Bielsa moves with the times in tactical and technological terms, but football’s growth as a business, and its fixation on results, rankles. “It’s the responsibility of all of us to discuss the position of the importance of results above the beauty of the game,” he said. “I don’t know if the analogy is good – I’m sure it’s not, and it’s disproportionate – but the fact we’re not taking care of the planet? Our children will pay the consequences of our acts. With football it will be the same, because we are destroying football and in the future we’ll see the negative effects.”

Leeds

Leeds are experiencing the opposite process with Bielsa, shifting from a sustained period where the only distraction from the monotony of mid-table Championship finishes was some spectacularly bad ownership of the club, to a time where the stadium is routinely sold out. Season ticket holders number more than 22,000 and the club plan to suspend further sales if they return to the Premier League, to ensure that some seats are available to more occasional supporters.

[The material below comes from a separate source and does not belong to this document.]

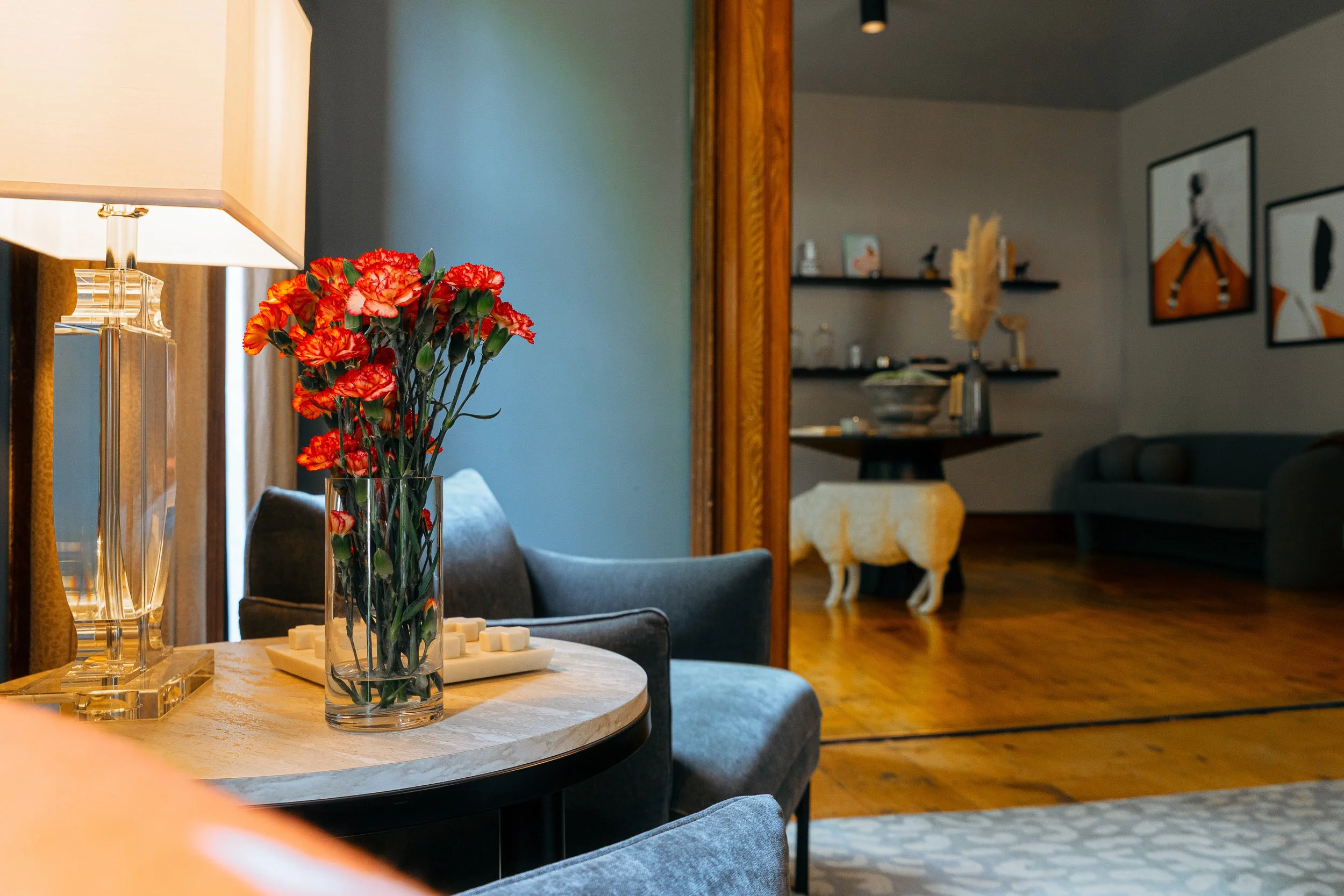 A vase with red and orange flowers on a marble side table in a living room, with a lamp beside it and a gray armchair. In the background, a room with wood flooring, abstract wall art, a gray sofa, and decorative items on black shelves.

Bielsa insisted that Leeds stay in a hotel the night before every game, even for the home fixtures, and they’re mobbed by crowds when the team bus arrives at Elland Road. The hotel is set up with a room for four analysts to chop up their video footage and send relevant clips to different players via WhatsApp, in between individual and team meetings. Club staff have taken to calling it ‘Mission Control’.

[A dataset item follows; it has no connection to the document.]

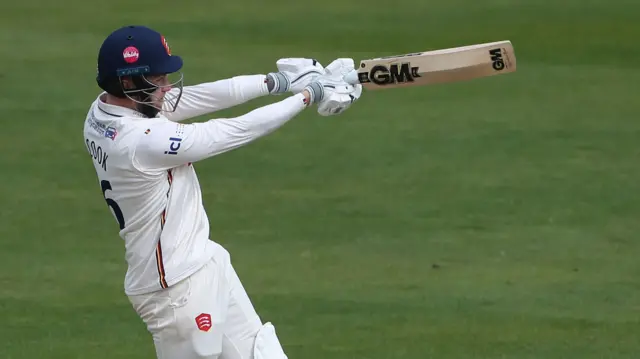 Sam Cook hits a six for Essex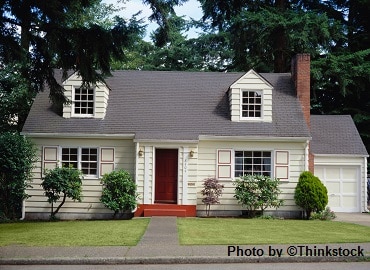 A two-story house with a red door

Seeing the change from Bielsa’s stern persona in press briefings to his body language among the general public is like watching ice melt. There are lollipops for children when he steps off the team bus, and invites to Thorp Arch for supporters who engage him in the street. Before Christmas, he asked the club to go and buy – with Bielsa’s money – a phone, a laptop, a widescreen television and a car. Bielsa then organised a raffle for the day-to-day staff at the training ground and gave it all away: a TV for one of the canteen workers, a Volkswagen Polo worth £11,000 for a kit man (who, by all accounts, flogged it and shared the proceeds with other colleagues). 

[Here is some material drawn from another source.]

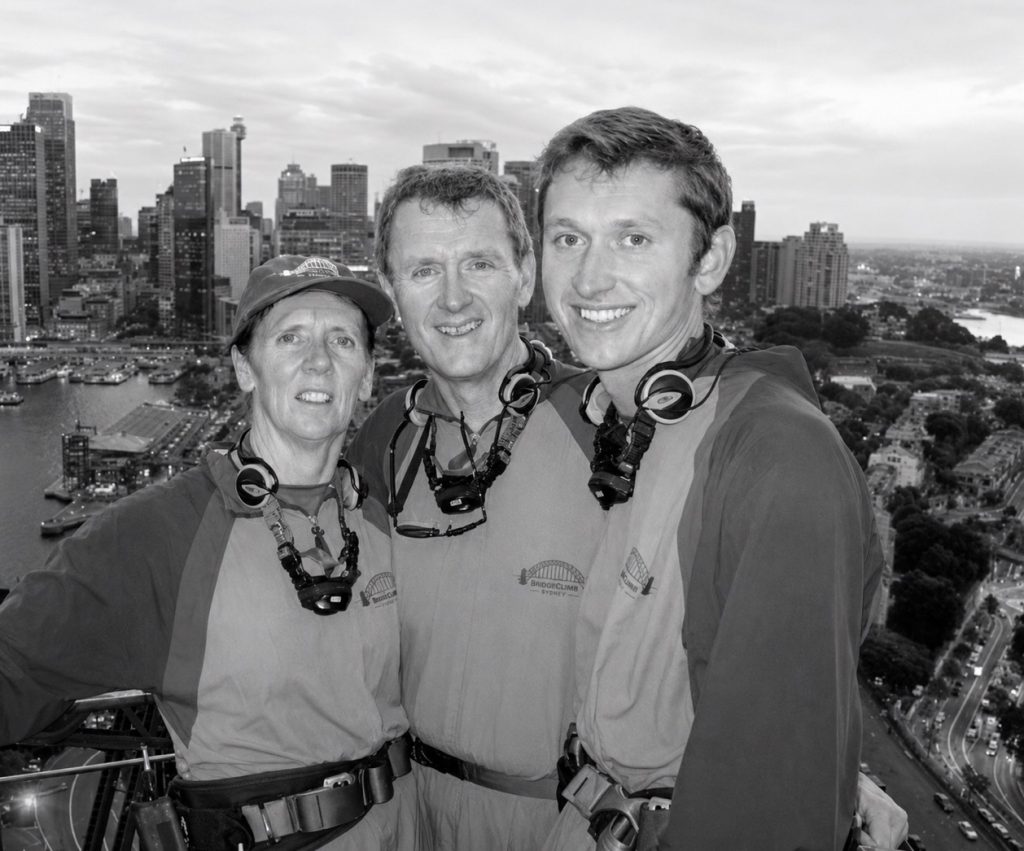 A woman and two men high above Sydney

Although Bielsa has a distant relationship with his squad – “I love my players,” he said, “but if they were close to me then they would respect me less because they would see how I really am” – he has warmed to Leeds and warmed to Yorkshire, too. He has a ranch in the countryside near Rosario and finds himself on the cusp of the North Yorkshire Moors in Wetherby. His daughter is back home, and his wife flies over to visit him occasionally, but during his first year he is believed to have returned to Argentina only once since his appointment.

Leeds went all-in on Bielsa and Bielsa went all-in on them, explicit from the start that he would not be cutting corners. When Radrizzani took him around Thorp Arch on his first day in England, Bielsa complained about a mark left on a wall by someone leaning against it with their feet. “They disrespect the facility,” said Bielsa. No one has rushed to test his patience since.

Leeds, historically, are a complex club where politics play havoc and leave managers at the mercy of the shambles around them. But Bielsa’s authority was absolute from day one, by virtue of a reputation which exceeded that of anyone in either the dressing room or boardroom at Elland Road. The supporters love his football and love his character – an unusual and amusing blend of humility, intelligence and eccentricity which casts him as a man of the people. Shortly after Leeds’ pre-season friendly at York City in July 2018, he was pictured strolling unannounced into a McDonalds on the A59.

The marriage, inevitably, didn’t come cheap for Leeds. Bielsa and most of his staff – loyal lieutenants who drop everything and go with him whenever he goes – come as a package, and they command combined salaries of more than £3m. Meanwhile, the refurbishment of the club’s training complex has already cost around £600,000, spent on improving a facility which Leeds intend to vacate for a new base in the city centre during the next few years. 

It’s small money in player transfer terms but a significant outlay on coaching talent. That’s where Radrizzani staked most of his chips in the hope of righting the savage consequences of relegation from the Premier League in 2004 and making it back to the big time. The club who so famously gambled and lost the lot finally appear to have hit the jackpot.